Task instructions
Set down nothing but the lines from the one containing "A bedroom with" to the final line of the material, exactly as written, and drop the pictures.

(Supplied information Opens)

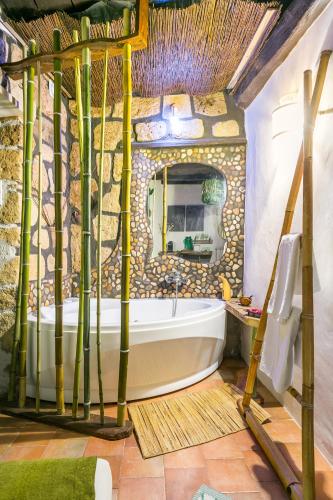 a bathroom with a tub in a stone wall at Opera Suites - Il sentiero della felicità in Calcata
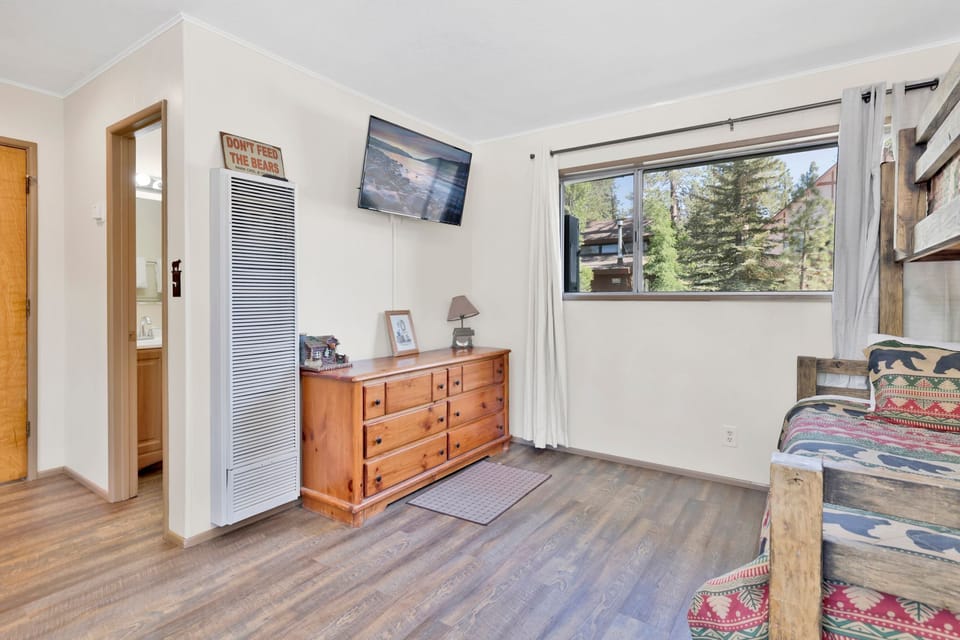 A bedroom with a queen size bed and twin bunk bed, and a full sleeper sofa.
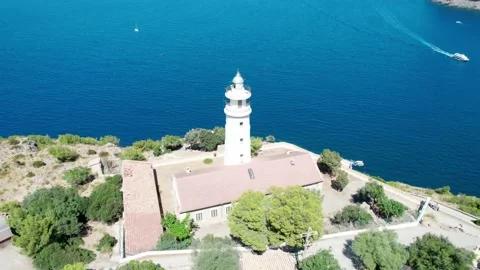 Swooping circular drone footage of lighthouse, Port De Soller Video stock 229008870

(Supplied information Closes)

Result below
 A bedroom with a queen size bed and twin bunk bed, and a full sleeper sofa.
 Swooping circular drone footage of lighthouse, Port De Soller Video stock 229008870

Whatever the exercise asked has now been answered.